Yoga Farm, Oleiros, Portugal

One donkey, one rooster, one dog, two goats, two teachers, three cats, three hens, apples, peaches, pears, figs, yoga, sun, forest, a whole lotta brown rice and even more love. That's been my home for about the last two weeks.

The Ashtang-Vinyasa Yoga retreat I found rests in central Portugal, in a sleepy village about 15 km from Oleiros. The setting is peaceful and the ambient hippy. The property overlooks a deep valley of farmlands and cork oak, pine and eucalyptus forests. Organically grown fruit trees and garden veggies dot the grounds. The retreat just opened this year, and they seem to be doing really well, as people from all over Europe end up there just by virtue of their web site:

I tend to think of the last couple weeks as my stay on the yoga farm, as the setting is definitely farmlike, with animals and fruits and veggies growing everywhere. Willow, the gentle pranayama honking donkey, whoops out the most hilarious noises I have ever heard. Donkeys apparently are one of the few animals that make noise on inhalation and exhalation. I still can't stop myself from laughing every time he busts out into his tonkey song. Trying to stay focused and unsmiling during savasana when he starts up, is a feat in itself. The two brother and sister goats love to gnaw chairs and eat napkins. The male goat has nads as big as his head and the testosterone they produce reeks cheesily. He actually smells like goat cheese. The rooster and hens peck around the compost daily and the adult cats keep pretty much to themselves. The kitten with a deviated tail, Annie, climbs anything she can stick her claws into. Queenie, the dog, was rescued from the nearby village people who were about to kill her. Supposedly she'd been in a rage with fits of biting.

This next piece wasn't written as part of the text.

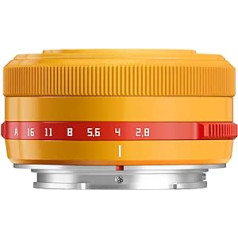 TTARTISAN 27 mm F2.8 Ziemassvētki, ierobežota automātiskā fokusa APS-C kameras objektīvs, metāls, viegls pārnēsājamas kameras objektīvs, balsts acu izsekošanas ierīcei Fuji X Mount Yellow Orange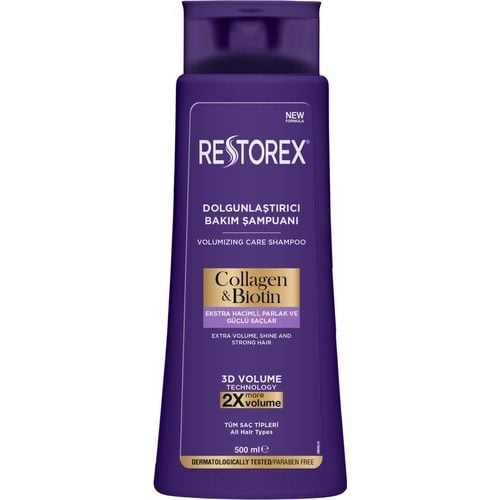 Restorex Şampuan 500 ml Dolgunlaştırıcı Hacim Bakım Kollagen ve Biotin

She still limps due to a broken hip, which healed out of socket (and which happened before she was adopted). You wouldn't believe she ever had a mean streak by the way she coos for love and rolls over on her back to give you better access to rubbing her belly.

Days start at 8 a.m. with Sue's dynamic yoga practice. She teaches in the form of workshops, delving more into the spiritual side of yoga. Each day focuses on a different element of the practice: earth, wind, fire and water. These sessions also give more time in certain postures (along with suggestions on how to correct them) to ensure the body is properly grounded and aligned, allowing us to come into our postures with more integrity. Breakfast and tea follow around 10 a.m. and we have free time to sleep, sunbathe, sway in a hammock or read from their cool library until lunch at about 2 p.m.

After lunch, it's back to the hammock or for a walk on one of the several fireroad trails that stem off the property. Sometimes we go to Rio Zezere, about a 10-minute's drive away, to swim and watch the local fisherman watching us. Evening yoga at 6 p.m. is the full Ashtanga practice with Peter. I'd never done Ashtanga before, so it's interesting to practice a different kind of yoga. It's quite a strong class, but he constantly reminds us to listen to our bodies, be patient and ease off. Build good associations in the body and not bad ones: Don't over-force your poses or let pain or tension creep into the practice; breathe. A yummy (macrobiotic) dinner follows shortly after our night practice. We sit around the table and chat. Since I am here mostly on trade, I do a whole lotta dishes during the day as well. It's kind of like cleaning up after a small Thanksgiving, every day, twice a day.

After meeting lots of other people who have been practicing yoga all over the world, it makes me feel more even thankful for my yoga beginnings than I already felt. Luckily, I have a great yoga prof, Susana, in Puerto Natales, who has always focused on the spiritual side of yoga, and not just taught it as some exercise you do at the gym. She has always encouraged us to be present and tried to make sure we do what we can while maintaining proper form, that we don't compare ourselves with our peers (or even with ourselves on previous days). Apparently it is not the norm to teach yoga holistically, as a way of life. And it is a whole lot more common to egofy the practice, turning it into an exercise or flexibility competition. Which it is not. Anyway, my yoga farm days rekindled my yoga, energized and relaxed me just in time to meet up with Serkan again in Istanbul.